# 2. Inselsbergmarathon-Tabarz 27.05.2012



## tzmtb (30. März 2012)

Anmeldung ist jetzt möglich!
Also auf gehts nach Tabarz am Pfingstsonntag!



Nach der erfolgreichen Premiere des Inselsberg-Marathons im vergangenen Jahr bildet die 2. Auflage am 27.05.2012 wieder das Highlight unseres Vereinsjahres sowie auch die Hauptarbeit in Sachen Vorbereitung und Planung. Am Pfingstsonntag sollen Profi- und Hobbyfahrer die 32km Runde rund um den 916,5m hohen Inselsberg ein oder zweimal bewältigen. Pro Runde sind hierbei ca. 1.100hm zu überwinden. Der Start-/Zielbereich wird in die Ortsmitte an die Grund- und Realschule verlegt. Diese Entscheidung fiel aufgrund der besseren Randbedingungen hinsichtlich Wasch- und Duschmöglichkeiten, Parkplätzen und der besseren Gestaltung von Organisationsbüro, Zieleinfahrt und Moderation. Desweiteren wird unser neuer Sponsor Rad-Art das "Rad-Art-Kidsrace" durchführen. Mit diesem und weiterem Rahmenprogramm soll die Veranstaltung wie auch schon im Vorjahr zu einem Ereignis für die ganze Familie werden. Durch das nahezu ohne Ausnahme positive Feedback zur letztjährigen Veranstaltung erwarten die Organisatoren, schönes Wetter vorausgesetzt, sogar noch eine Steigerung der knapp 180 Teilnehmer aus 2011. Gestartet wird auf beiden Teilstrecken jeweils wieder in den Altersklassen U23, Herren/Damen und Senioren(-innen).


http://www.mtb-tabarz.de


----------



## tzmtb (10. April 2012)

Neuer Start- / Zielplatz, Info folgt. Dadurch in unmittelbarer Nähe Duschen/Toiletten. Wenn Bedarf zum Abfahren der Strecke besteht, Info bzw. Absprechen mit dem Christian / Thomas vom Verein.

http://www.mtb-tabarz.de/


----------



## MTB-News.de




----------



## philipok0702 (10. April 2012)

Hi ho, 
seit vergangener Woche ist die BETA des bike-kalender.com online. Damit lassen sich Bike-Events schnell Finden. Du kannst Deine Veranstaltungen posten, bebildern und auch gpx-Tracks zur Visualisierung von z.B. geguideten Touren oder Rennstrecken uploaden.
Ich würde mich a) über eine rege Nutzung, b) über deine Mithilfe in Fragen der Öffentlichkeitsarbeit durch "herum erzählen" freuen.
Der bike-kalender.com ist ein Hobby Projekt. Daher können sich trotz intensiver Bemühungen kleine Fehler verstecken. Konstruktive Kritik und  Verbesserungsvorschläge sind ausdrücklich erwünscht!


----------



## tzmtb (16. Mai 2012)

Meldung laut Webseite: 
Am 19.05. und am 20.05. werden wir die Marathonstrecke abfahren. Treffpunkt 10:00 Uhr Hotel zur Post.

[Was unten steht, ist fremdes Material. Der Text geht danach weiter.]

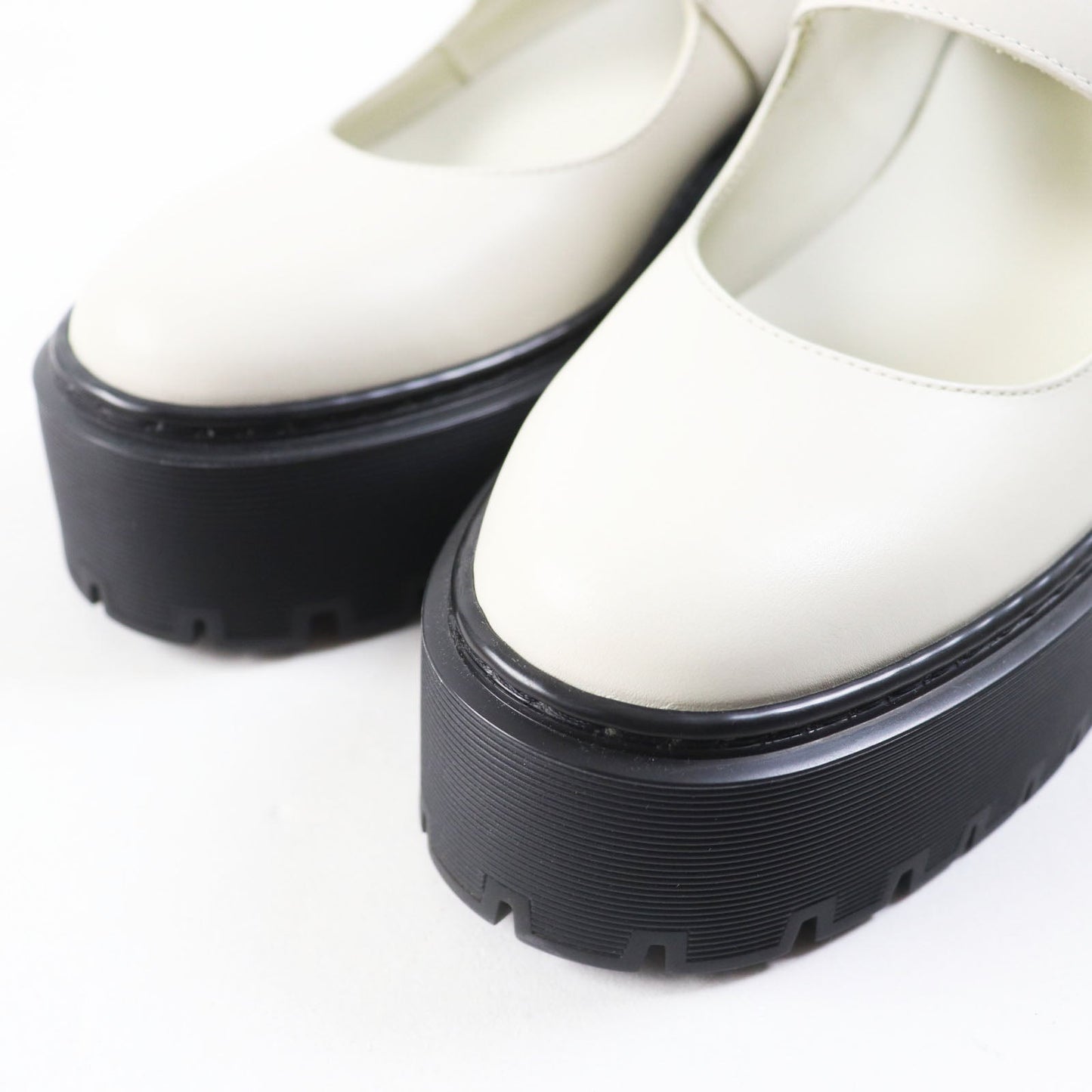 HERMES Leather shoes leather Ivory black Hoxton H Cadenas 35.5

Wir freuen uns auf die Teilnahme von:
Mandy Platzdasch (2-malige Hessenmeisterin XC),
Katja Hentschel (Thüringer Meisterin XC 2010),
Michael Schuchardt (Sieger Tabarzer Bergsprint 2011, Sieger Kellerwald-Bikemarathon 2012),
David Voll (Sieger Arnstadt-Marathon 2008, 6. Platz Kellerwald-Bikemarathon 2012),
Markus Zabel (3. Platz 24h Duisburg 2011, 1. Platz XC-Rennen Goseck 2011 Master, viele Podiumsplatzierungen) und
Tom Schafferhans (3. Platz Mountainbike-Zeitfahren Gebakönigpokal).


----------



## tzmtb (17. Mai 2012)

Zur allgemeinen Info der Anmeldeschluss ist am 	Sonntag, den 20. Mai 2012 um 23:00 Uhr


----------



## cd-surfer (21. Mai 2012)

Hab heute beim MDC die Werbetrommel gerührt,da werden noch ein paar Starter kommen....


----------



## tzmtb (21. Mai 2012)

Danke und das Wetter wird wohl auch schön!


----------



## geniusrc10 (21. Mai 2012)

meldung bis 23. noch ohne nachmeldegebühr möglich.
hab für die kurze gemeldet.


----------



## rhoen-biker (21. Mai 2012)

Ab wann ist die Strecke beschildert? Ich studiere in Schmalkalden und hätte genug Zeit mir die Strecke am Donnerstag mal anzuschauen 

Bin natürlich am Sonntag am Start


----------



## Biker-04-1986 (22. Mai 2012)

Hallo Leute,

ich habe es geschafft, ich habe mich auch angemeldet. Das wird mein erster Marathon sein, bzw. überhaupt das erste Rennen was ich jemals bestritten habe. Daraus ergeben sich natürlich einige Fragen.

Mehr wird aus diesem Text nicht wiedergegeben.